Ce n'est guère étonnant que cette métaphore ait tant touchée le coeur de nombreux cinéphiles subjugués par cette passion démonstrative de Harvey Keitel prêts à endurer mille tourments de son départ de la Grèce pour sombrer dans un conflit qui ne le concerne pas car seul voir le film est sa priorité numéro une, et même sa seule en fin de compte. Mais à quel prix, cette course effrénée n'aura pour lui qu'une glaciale finalité. L'oeuvre est éternelle, pas l'Homme et visionnant en pleurs un écran blanc, comme si tout ce qu'il avait fait n'avait servi à rien si ce n'est accumuler les disparitions de personnages qui l'auront aidé dans sa tâche, il prend conscience de son acte vain.
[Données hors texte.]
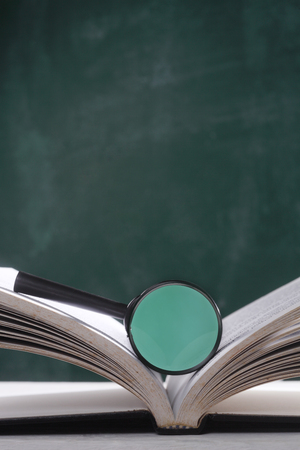 magnifier resting on the open page bookの写真素材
Le Regard d'Ulysse avait tout sur le papier pour devenir mon dernier joyau en date et merde avec quel arrière-goût je sortais d'une séance qui me déçut par certains choix pris par son auteur. Tout d'abord, le film est bien trop long. Secundo, les réminiscences de Keitel qui voit sa famille ne touchent pas et on se demande même leur intérêt. Tertio, ces amours passagers mis en scène comme un mauvais Mervyn LeRoy (intense moment de malaise vis-à-vis de sa romance avec l'historienne à lunettes). Trois points négatifs qui m'ont fait sortir à plusieurs reprises de la séance. Le Regard d'Ulysse sera peut-être un film qui se bonifiera avec le temps dans mon esprit mais la désillusion fut telle que je ne suis pas convaincu.